§ **Data to examine**:
════════════════

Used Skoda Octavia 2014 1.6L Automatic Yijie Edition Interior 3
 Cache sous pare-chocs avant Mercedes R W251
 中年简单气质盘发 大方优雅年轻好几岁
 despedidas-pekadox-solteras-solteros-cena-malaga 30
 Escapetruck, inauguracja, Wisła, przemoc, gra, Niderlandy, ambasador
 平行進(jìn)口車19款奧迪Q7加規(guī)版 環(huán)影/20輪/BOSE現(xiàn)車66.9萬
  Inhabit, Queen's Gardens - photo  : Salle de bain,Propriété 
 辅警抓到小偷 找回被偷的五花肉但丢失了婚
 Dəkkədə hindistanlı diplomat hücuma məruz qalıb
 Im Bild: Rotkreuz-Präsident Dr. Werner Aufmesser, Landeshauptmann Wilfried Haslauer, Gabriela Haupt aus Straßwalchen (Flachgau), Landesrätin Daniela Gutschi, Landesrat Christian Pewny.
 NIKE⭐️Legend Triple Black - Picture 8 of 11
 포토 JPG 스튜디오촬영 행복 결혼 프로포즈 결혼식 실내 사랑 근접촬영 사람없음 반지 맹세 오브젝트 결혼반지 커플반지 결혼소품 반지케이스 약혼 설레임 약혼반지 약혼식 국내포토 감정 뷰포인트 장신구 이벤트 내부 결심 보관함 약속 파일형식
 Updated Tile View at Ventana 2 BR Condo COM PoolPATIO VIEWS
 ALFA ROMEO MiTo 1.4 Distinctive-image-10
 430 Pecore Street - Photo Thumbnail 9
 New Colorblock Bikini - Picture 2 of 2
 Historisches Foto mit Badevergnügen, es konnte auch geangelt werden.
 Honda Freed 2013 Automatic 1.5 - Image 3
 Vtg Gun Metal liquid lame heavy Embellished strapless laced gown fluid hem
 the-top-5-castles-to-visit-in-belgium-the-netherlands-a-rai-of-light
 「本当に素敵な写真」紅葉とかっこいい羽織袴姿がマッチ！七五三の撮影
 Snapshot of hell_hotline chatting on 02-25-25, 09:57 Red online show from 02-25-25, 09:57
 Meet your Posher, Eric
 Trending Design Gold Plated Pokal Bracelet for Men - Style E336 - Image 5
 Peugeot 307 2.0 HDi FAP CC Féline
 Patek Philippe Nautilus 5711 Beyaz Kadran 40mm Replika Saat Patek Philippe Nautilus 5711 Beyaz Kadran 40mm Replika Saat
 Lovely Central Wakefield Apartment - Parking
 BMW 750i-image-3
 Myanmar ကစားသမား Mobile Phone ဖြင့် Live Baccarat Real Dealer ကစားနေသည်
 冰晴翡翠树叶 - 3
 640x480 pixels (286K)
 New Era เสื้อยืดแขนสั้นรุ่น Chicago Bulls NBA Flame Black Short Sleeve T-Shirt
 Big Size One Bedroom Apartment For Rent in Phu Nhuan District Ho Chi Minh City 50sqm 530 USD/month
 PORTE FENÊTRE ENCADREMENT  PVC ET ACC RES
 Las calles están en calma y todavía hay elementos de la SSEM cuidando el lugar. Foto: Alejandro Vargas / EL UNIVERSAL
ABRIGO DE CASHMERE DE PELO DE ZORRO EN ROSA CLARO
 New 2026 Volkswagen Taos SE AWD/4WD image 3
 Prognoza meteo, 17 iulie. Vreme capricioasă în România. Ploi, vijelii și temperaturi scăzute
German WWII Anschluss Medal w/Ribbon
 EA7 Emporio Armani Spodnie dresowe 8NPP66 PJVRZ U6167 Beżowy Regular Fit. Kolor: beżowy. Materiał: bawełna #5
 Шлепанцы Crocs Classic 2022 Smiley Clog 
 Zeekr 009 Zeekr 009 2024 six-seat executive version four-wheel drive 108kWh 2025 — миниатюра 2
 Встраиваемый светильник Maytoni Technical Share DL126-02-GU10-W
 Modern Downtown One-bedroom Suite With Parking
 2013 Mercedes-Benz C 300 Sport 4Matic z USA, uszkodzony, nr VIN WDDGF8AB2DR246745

════════════════

§ **Directions for this task**: The span to give again runs from the line with "EA7 Emporio Armani" through the last line of the records above; reproduce it exactly and nothing more.

§ **Response to the exercise**:
 EA7 Emporio Armani Spodnie dresowe 8NPP66 PJVRZ U6167 Beżowy Regular Fit. Kolor: beżowy. Materiał: bawełna #5
 Шлепанцы Crocs Classic 2022 Smiley Clog 
 Zeekr 009 Zeekr 009 2024 six-seat executive version four-wheel drive 108kWh 2025 — миниатюра 2
 Встраиваемый светильник Maytoni Technical Share DL126-02-GU10-W
 Modern Downtown One-bedroom Suite With Parking
 2013 Mercedes-Benz C 300 Sport 4Matic z USA, uszkodzony, nr VIN WDDGF8AB2DR246745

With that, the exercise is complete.